§ What you will do: Give back the listing in full and exactly, leaving out the images.

Input material START

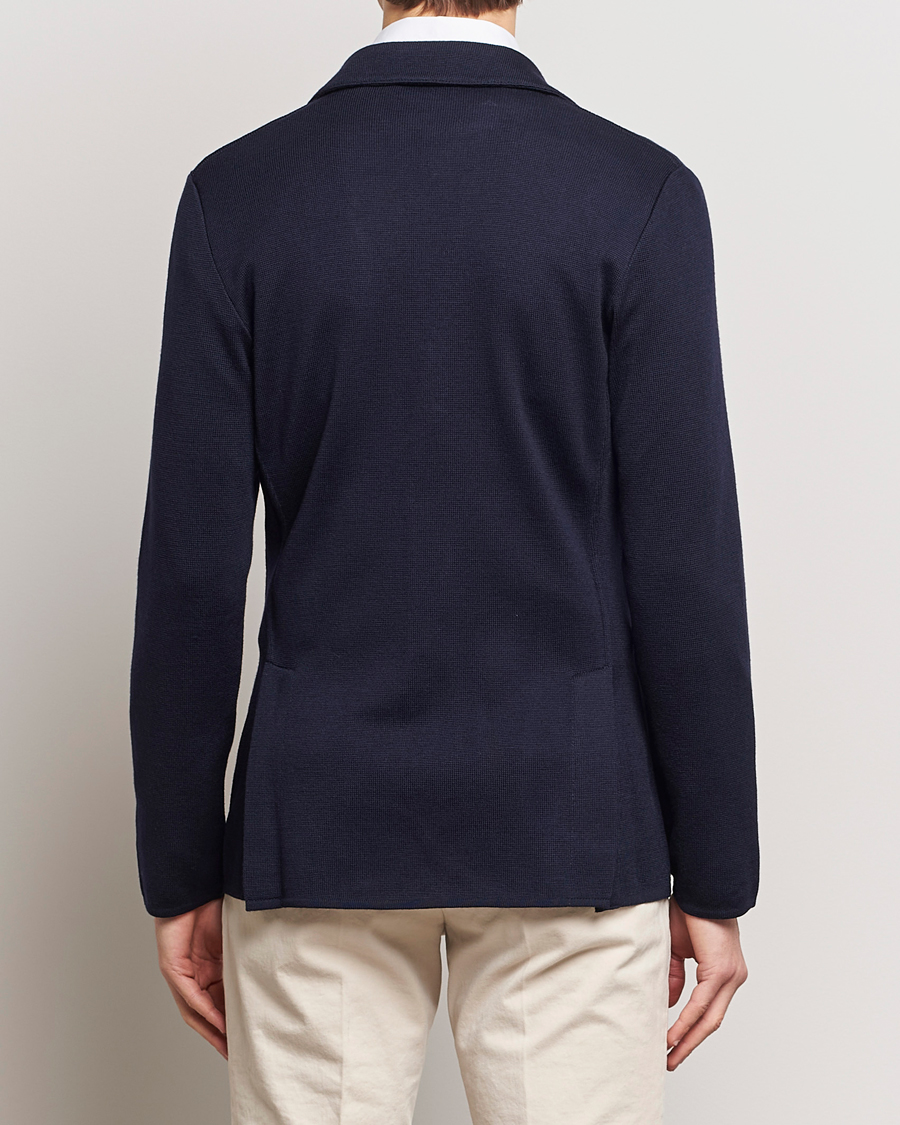 Lardini Knitted Wool Blazer Navy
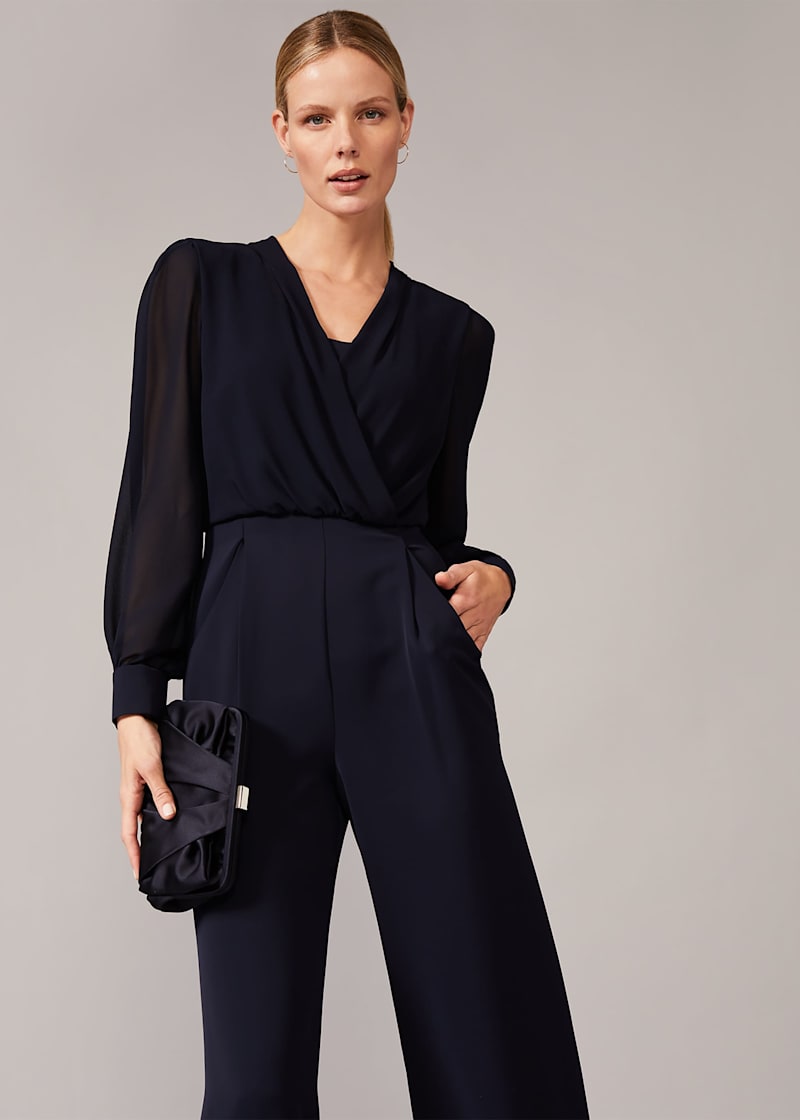 Jass Chiffon Bodice Jumpsuit | Phase Eight UK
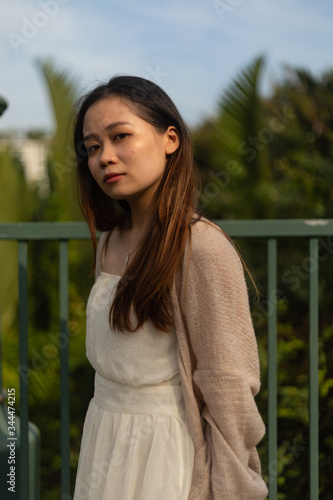 A Vietnamese woman with black hair in Vietnam 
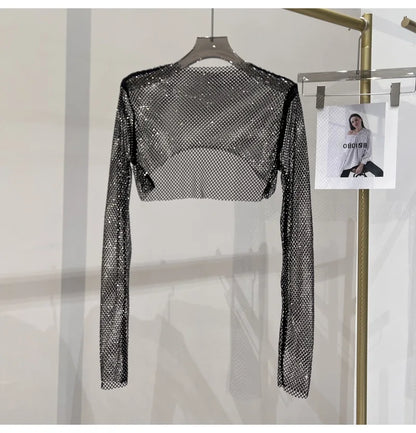 new sexy bright diamond short top Slim thin Ms. hot drill long-sleeved T-shirt sexy leak waist nightclub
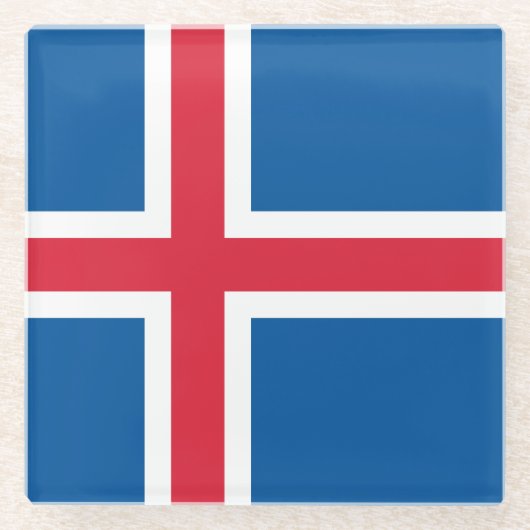 IJslandse vlag Glazen Onderzetter (Voorkant)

Input material END

§ Written reply:
 Lardini Knitted Wool Blazer Navy
 Jass Chiffon Bodice Jumpsuit | Phase Eight UK
 A Vietnamese woman with black hair in Vietnam 
 new sexy bright diamond short top Slim thin Ms. hot drill long-sleeved T-shirt sexy leak waist nightclub
 IJslandse vlag Glazen Onderzetter (Voorkant)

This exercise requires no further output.